[Excerpts from a dataset]
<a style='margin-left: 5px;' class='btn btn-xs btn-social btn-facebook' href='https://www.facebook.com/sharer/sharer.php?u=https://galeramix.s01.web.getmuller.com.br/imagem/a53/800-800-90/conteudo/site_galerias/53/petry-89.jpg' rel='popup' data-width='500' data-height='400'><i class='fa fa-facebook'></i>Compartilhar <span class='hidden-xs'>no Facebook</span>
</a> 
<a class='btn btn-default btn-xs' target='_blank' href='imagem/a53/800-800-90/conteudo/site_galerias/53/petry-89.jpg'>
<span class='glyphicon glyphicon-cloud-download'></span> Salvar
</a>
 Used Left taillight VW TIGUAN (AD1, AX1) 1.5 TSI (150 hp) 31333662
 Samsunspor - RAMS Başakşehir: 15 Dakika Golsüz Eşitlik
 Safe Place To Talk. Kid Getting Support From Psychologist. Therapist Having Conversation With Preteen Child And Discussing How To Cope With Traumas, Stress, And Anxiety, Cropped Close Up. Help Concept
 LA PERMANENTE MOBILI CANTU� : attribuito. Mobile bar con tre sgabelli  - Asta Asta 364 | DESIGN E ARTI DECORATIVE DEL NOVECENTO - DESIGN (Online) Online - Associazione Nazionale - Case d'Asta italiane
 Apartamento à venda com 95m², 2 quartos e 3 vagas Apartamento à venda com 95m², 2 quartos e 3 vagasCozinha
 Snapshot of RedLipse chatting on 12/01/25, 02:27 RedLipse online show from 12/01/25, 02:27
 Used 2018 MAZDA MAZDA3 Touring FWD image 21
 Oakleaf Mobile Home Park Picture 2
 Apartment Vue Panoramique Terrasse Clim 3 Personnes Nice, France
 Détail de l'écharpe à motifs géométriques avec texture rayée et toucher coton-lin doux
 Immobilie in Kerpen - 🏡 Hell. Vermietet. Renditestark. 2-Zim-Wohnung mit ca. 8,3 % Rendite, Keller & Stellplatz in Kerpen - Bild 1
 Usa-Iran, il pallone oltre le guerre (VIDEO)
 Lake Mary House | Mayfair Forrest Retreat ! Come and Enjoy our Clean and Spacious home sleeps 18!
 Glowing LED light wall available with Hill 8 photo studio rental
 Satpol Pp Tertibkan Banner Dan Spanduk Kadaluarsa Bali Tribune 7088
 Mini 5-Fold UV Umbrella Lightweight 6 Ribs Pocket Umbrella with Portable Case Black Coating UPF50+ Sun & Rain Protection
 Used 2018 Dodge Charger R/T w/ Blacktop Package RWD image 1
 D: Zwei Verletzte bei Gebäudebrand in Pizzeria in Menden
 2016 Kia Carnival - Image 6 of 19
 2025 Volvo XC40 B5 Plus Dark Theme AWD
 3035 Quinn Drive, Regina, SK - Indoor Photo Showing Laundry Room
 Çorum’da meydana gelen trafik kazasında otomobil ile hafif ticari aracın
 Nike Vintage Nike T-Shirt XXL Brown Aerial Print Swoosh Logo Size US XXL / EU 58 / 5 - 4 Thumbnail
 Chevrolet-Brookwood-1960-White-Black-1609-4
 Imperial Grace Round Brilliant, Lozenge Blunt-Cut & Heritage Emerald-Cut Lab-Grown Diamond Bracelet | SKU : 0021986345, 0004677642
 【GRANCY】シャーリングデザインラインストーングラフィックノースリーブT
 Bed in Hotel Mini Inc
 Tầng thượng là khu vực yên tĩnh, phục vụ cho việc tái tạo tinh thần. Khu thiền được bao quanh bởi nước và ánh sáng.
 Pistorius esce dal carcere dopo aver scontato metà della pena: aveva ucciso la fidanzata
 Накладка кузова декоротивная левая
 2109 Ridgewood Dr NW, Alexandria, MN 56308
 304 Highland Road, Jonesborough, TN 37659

Activity:
Copy nothing except the lines from the one with "Imperial Grace Round" through the end of the records; keep each exactly as it appears, first and last included.

Task response:
 Imperial Grace Round Brilliant, Lozenge Blunt-Cut & Heritage Emerald-Cut Lab-Grown Diamond Bracelet | SKU : 0021986345, 0004677642
 【GRANCY】シャーリングデザインラインストーングラフィックノースリーブT
 Bed in Hotel Mini Inc
 Tầng thượng là khu vực yên tĩnh, phục vụ cho việc tái tạo tinh thần. Khu thiền được bao quanh bởi nước và ánh sáng.
 Pistorius esce dal carcere dopo aver scontato metà della pena: aveva ucciso la fidanzata
 Накладка кузова декоротивная левая
 2109 Ridgewood Dr NW, Alexandria, MN 56308
 304 Highland Road, Jonesborough, TN 37659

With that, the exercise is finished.